This conjecture, if true, would neatly explain why goal tracking in the first months of life is limited. There’s just one small problem. It does not seem quite true to say that infants’ goal tracking is limited by their abilities to represent actions motorically.
The Developmental Motor Conjecture In the first 9 months of life, all pure goal tracking is explained by the Motor Theory. Other goal-tracking processes emerge later in development.9
6 Twin developmental puzzles
The Developmental Motor Conjecture (from Sect. 5) was introduced in connection with a candidate limit on infants’ goal tracking in the first 9 or so months. As we saw, there is inconclusive but significant evidence for the hypothesis that infants in their first 9 months of life can only track the goals of an action if they can represent a similar enough action motorically at the time the action occurs. However, a breakthrough discovery by Gergely et al. (1995) made much earlier than the research so far reviewed appears to conflict with any such hypothesis about limits.10
These findings have been extensively replicated and extended (see Csibra 2003; Gergely and Csibra 2003 for reviews). Importantly for our purposes, much the same findings can be observed with younger, 9-month-old infants (Hernik and Southgate 2012) and even 6.5-month-old infants (Csibra 2008). Related observations indicate that even 3-month-olds may be capable of extracting goal-related information from displays involving simple geometric shapes (Luo 2011).
Combined with the evidence about limits mentioned earlier (see Sect. 4), these findings give rise to a puzzle about development. If we take all the available evidence at face value, we arrive at this view.
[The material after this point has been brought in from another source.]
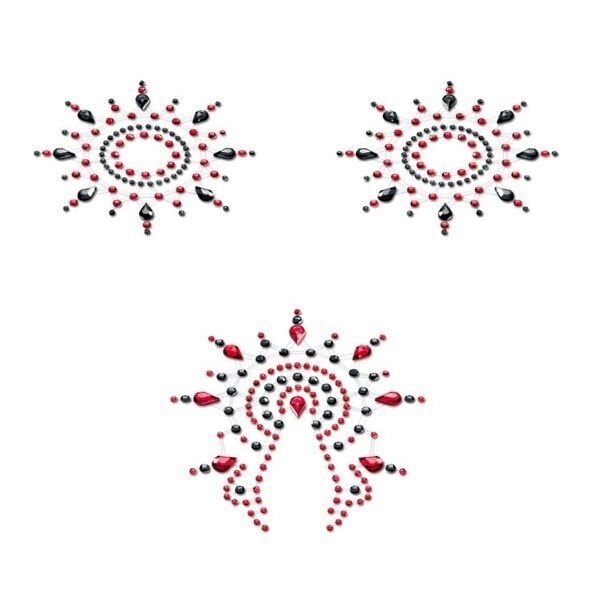 Пестіс з кристалів Petits Joujoux Gloria set of 3 — Black/Red, прикраса на груди і вульву фото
For infants in the first 9 months of life, some, but not all, of their goal tracking is limited by their abilities to represent actions motorically in this way: they can only track the goals of an action if they can represent a similar enough action motorically at the time the action occurs. The puzzle is to understand why this might be. We cannot explain it by appeal to the Simple View (from Sect. 3): that predicts no such limits. And we cannot explain it by appeal to the Developmental Motor Conjecture (from Sect. 5), which predicts inescapable limits.
In fact, the evidence on goal tracking is more puzzling even than this. Daum et al. (2012) created a modified version of Woodward’s paradigm which allowed them to measure two different responses to a single scenario, anticipatory looking and dishabituation. Their modified paradigm involved cartoon fish moving in ways which infants (and probably adults too) are unlikely to represent motorically. They found evidence for goal tracking by 9-month-olds in their dishabituation responses but not in their anticipatory looking. In fact, the 9-month-olds’ anticipatory looking indicated that they expected the fish to move along the same path irrespective of any more distal goal it might have; and it was only the 3-year-olds (not the 1- or 2-year-olds) whose anticipatory looking indicated goal tracking.11
An initial response to these discrepancies may be to think that anticipatory looking is especially hard because it requires such rapid identification of a likely goal. However, as we have seen (in Sect. 4), there are other cases in which infants do indicate goal tracking in their anticipatory looking (e.g. Kanakogi and Itakura 2011; Ambrosini et al. 2013). Note also that invoking the Motor Theory also cannot explain the discrepancies. After all, a key virtue of the Motor Theory is that it makes predictions about the timing of goal tracking: specifically, goal tracking should be as far ahead in time of an observed action as motor preparation would be ahead in time if the goal-tracker were not observing but performing the action. So where the Motor Theory explains performance, we would ordinarily expect goal tracking to be detectable in anticipatory looking.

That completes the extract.